The Story
Why it exists.
The beginning
Galuchat is sharkskin, textured, refined, used in French ateliers for objects meant to last. Élixir Privé named this fragrance for that material quality: a scent with surface tension you want to touch. The brief was simple: bitter freshness meets acrid newness, leather that doesn't behave like leather. Perfumer Céline Perdriel delivered exactly that.
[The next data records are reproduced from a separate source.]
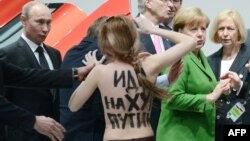 Активистка движения Femen проводит акцию против политики президента России Владимира Путина. Путин - крайний слева. Ганновер, 8 апреля 2013 года.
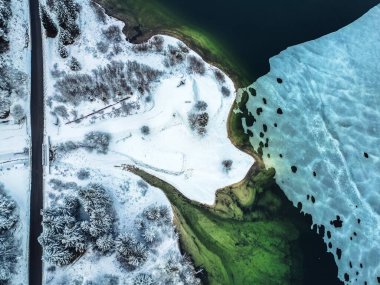 İtalya 'daki Predil Gölü' nün yeşil sularının yakınındaki çam ağaçları ile karla kaplı hava manzarası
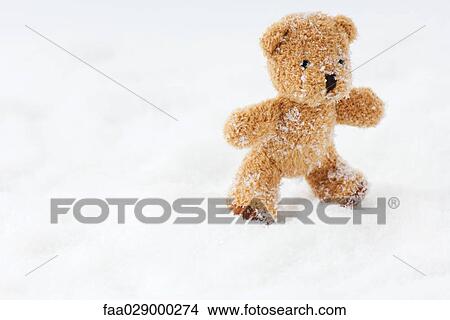 Teddy bear in snow View Large Photo Image Picture - Teddy bear in snow. Fotosearch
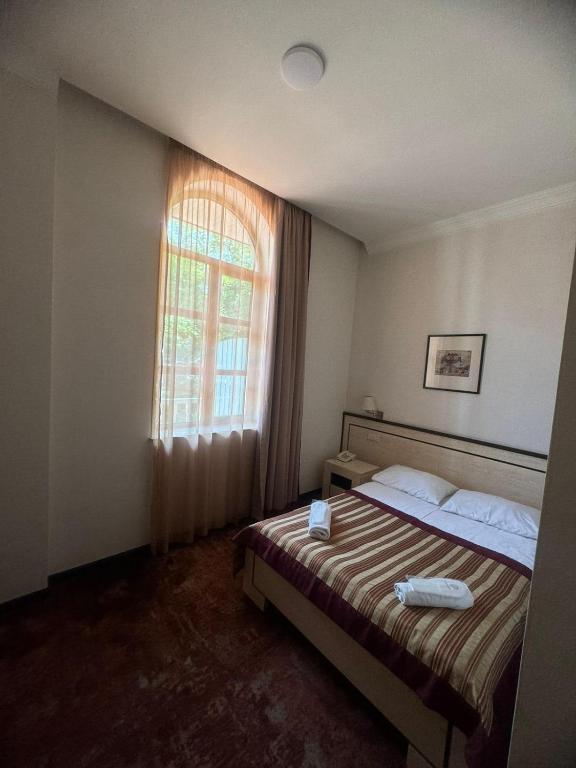 Postel nebo postele na pokoji v ubytování Hotel Beka Palace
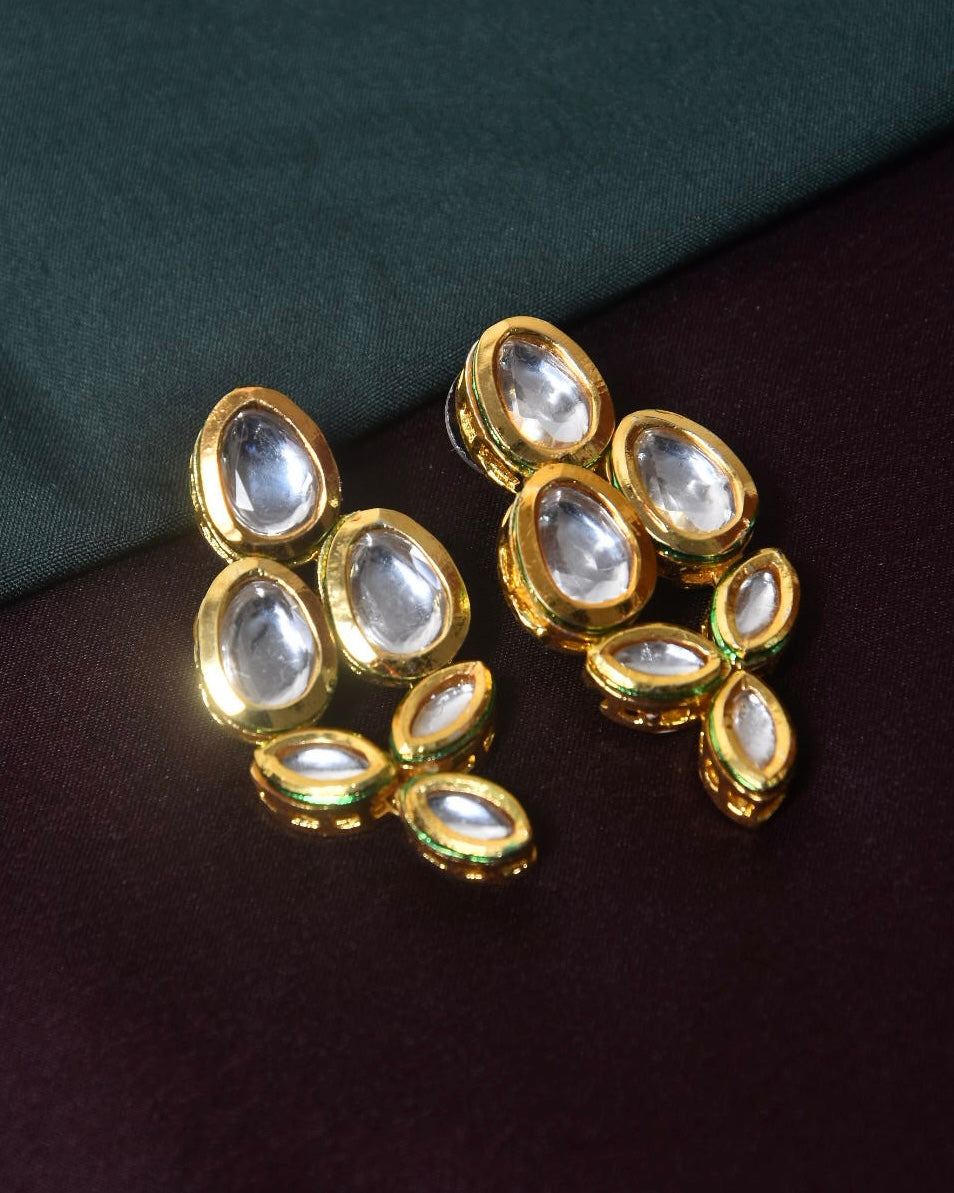 Gold-plated earrings with multiple teardrop-shaped clear stones.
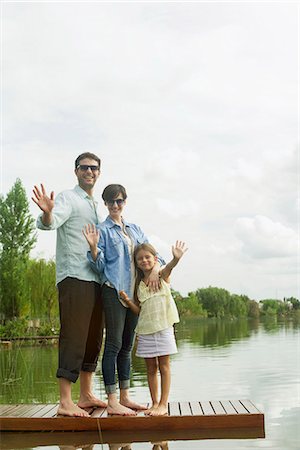 parents river - Family standing on dock waving Stock Photo - Premium Royalty-Free, Code: 632-08129818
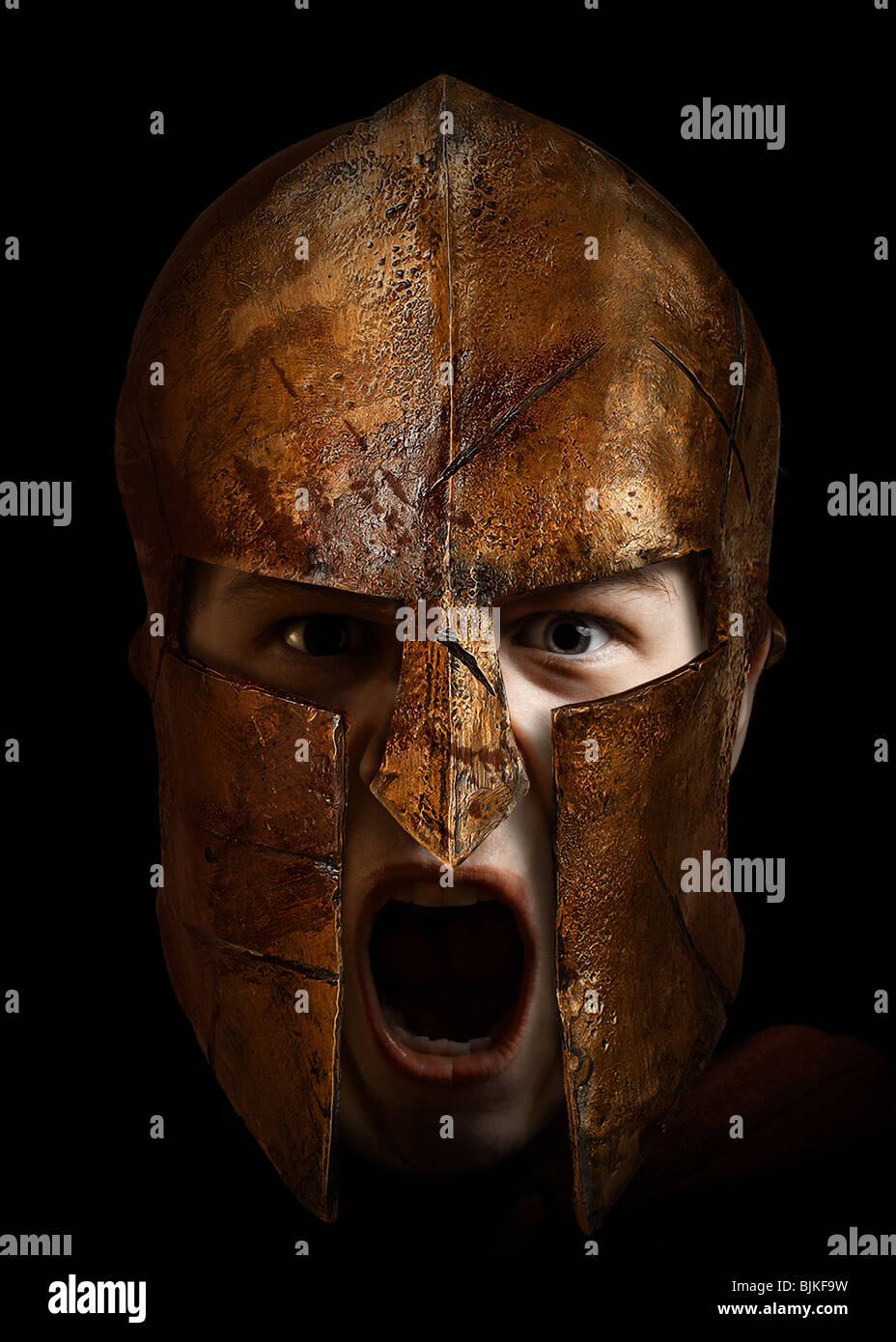 Junge Krieger schreiend mit einem spartanischen Helm Stockfoto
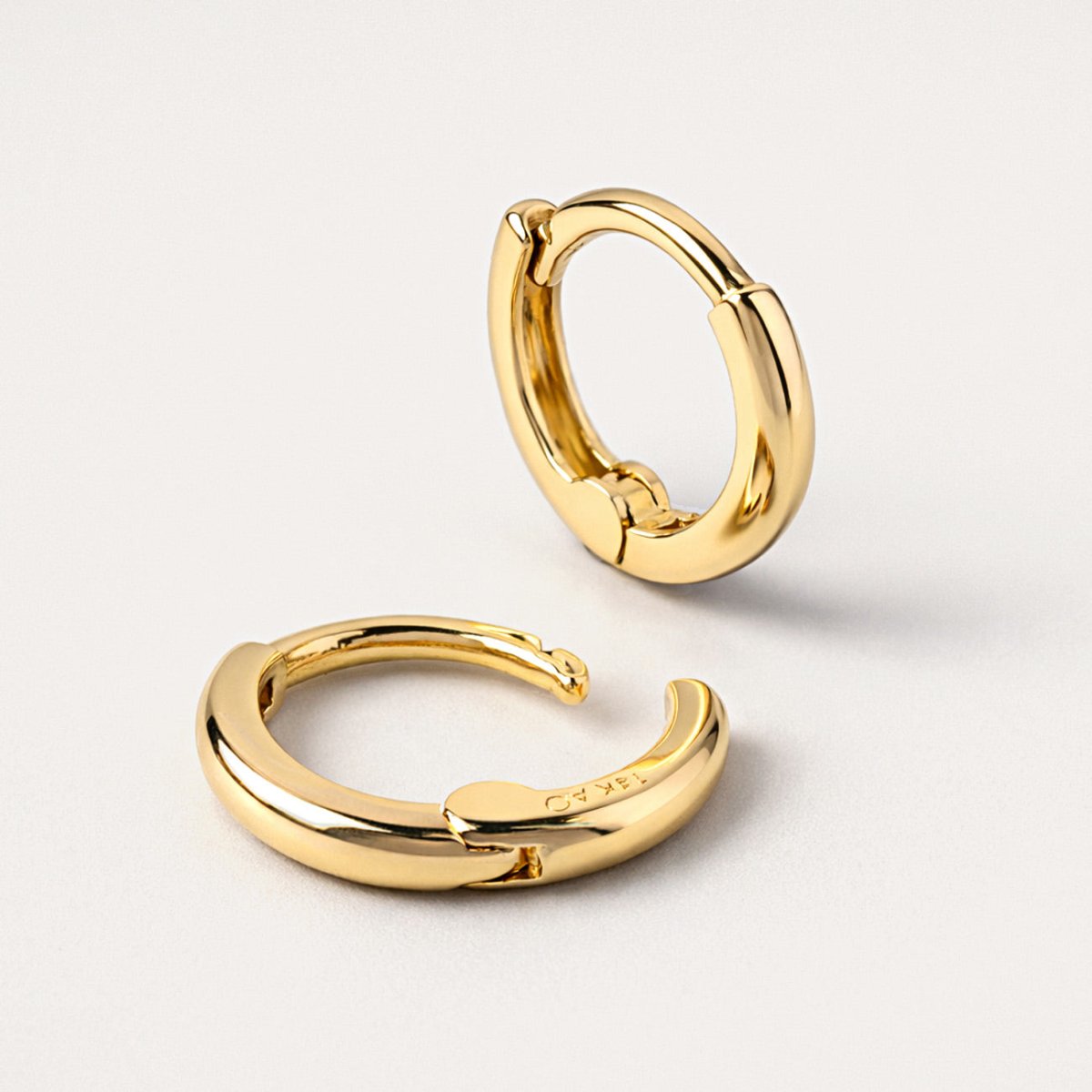14K gold mini huggie hoops close-up detail showing the smooth band and hinged closure, on a cream background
What makes Encre Galuchat work is the contradiction at its center. Leather fragrances typically commit to warmth, to smoke, to something predictable. Here, the ozonic quality keeps the leather airy, almost damp. Violet Leaf adds a green snap that most leather compositions skip entirely. The result is a fragrance that smells like nothing adjacent in the Élixir Privé catalog, and nothing obvious in contemporary perfumery.
The evolution
The opening announces itself with a sharp, acrid burst, cardamom and saffron giving way to something mineral and almost chemical. Brazilian orange provides brief sweetness before Nigerian ginger and coriander ground the top. Within twenty minutes, violet arrives and softens everything. The leather appears but keeps its distance. It's present, not dominant. Then the cocoa emerges, not as a note so much as a warmth, a weight that pulls the composition downward. Ambergris adds a salty, animalic sweetness that keeps the drydown from becoming heavy. By the final hours, Cashmere Wood and Musk create a second-skin effect. The oud is a whisper, not a shout. What lingers is the leather-cocoa triad, intimate and close, a quiet signature that rewards those who lean in close enough to notice it.
Cultural impact
Encre Galuchat occupies an unusual position: a fragrance with above-average projection and longevity that remains fundamentally intimate. The leather-centric composition offers a different take on dark leather, approaching the material with subtlety rather than intensity. Élixir Privé has built its catalog on singular olfactory visions rather than commercial strategy, and this release exemplifies that approach. Creative and powerful, as the house describes it, without sacrificing wearability.